Dataset extract.
+ + + + + + +

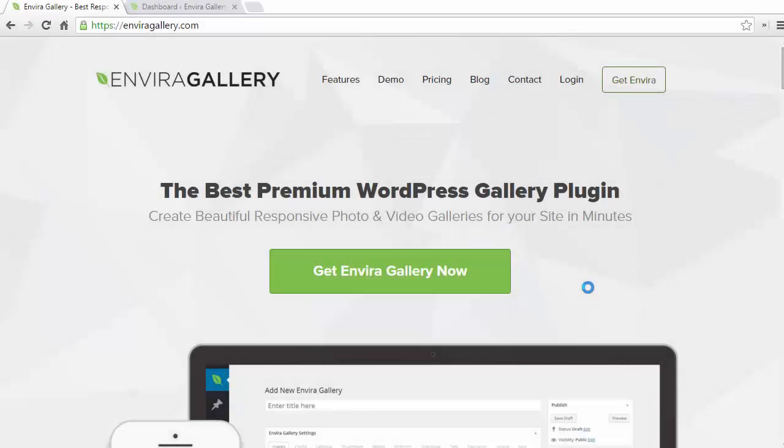Hello and welcome to EnviroGallery. In this brief tutorial you'll learn how to display a tag based dynamic gallery.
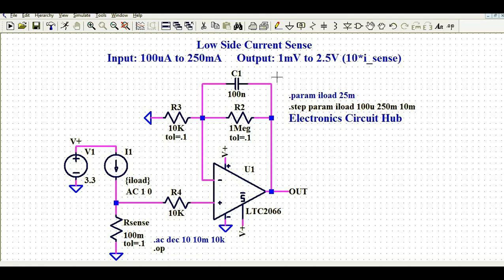Hello friends, welcome to Electronic Circuit Hub. Today we are going to understand about low-side current sensing using the operational amplifier.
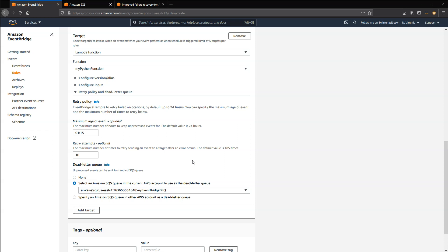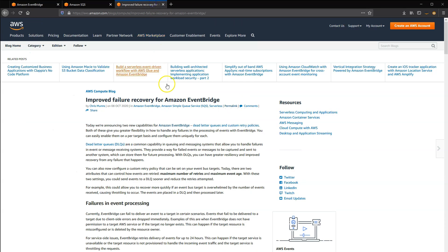You can then create a Lambda function or other processing resource to handle these events. To learn more about using DLQs with EventBridge, see the blog post at s12d.com/events-8.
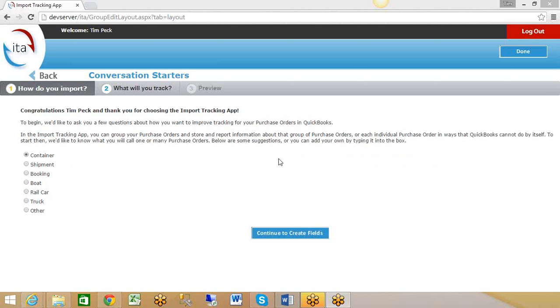When you first log into ITA, you're immediately taken into the wizard. The first question the wizard asks is what you are importing and how you want to keep track of things. For most people importing through ocean shipments, you probably just want to keep track of containers.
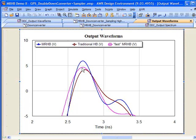So multirate harmonic balance is an exciting new technology from AWR. If you'd like to explore more about it, there's white papers on the website. You can go and watch more AWR TV videos about multirate harmonic balance. But I would encourage you to download a demonstration copy today. Try this out. And if you have more questions, please contact your AWR sales or support professionals.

+ + + + + + +

Task. Exactly the lines above from the one that contains "You can then" down to the one that contains "When you first" are to be output, both ends kept and pictures omitted.

Answer to this task.
You can then create a Lambda function or other processing resource to handle these events. To learn more about using DLQs with EventBridge, see the blog post at s12d.com/events-8.
When you first log into ITA, you're immediately taken into the wizard. The first question the wizard asks is what you are importing and how you want to keep track of things. For most people importing through ocean shipments, you probably just want to keep track of containers.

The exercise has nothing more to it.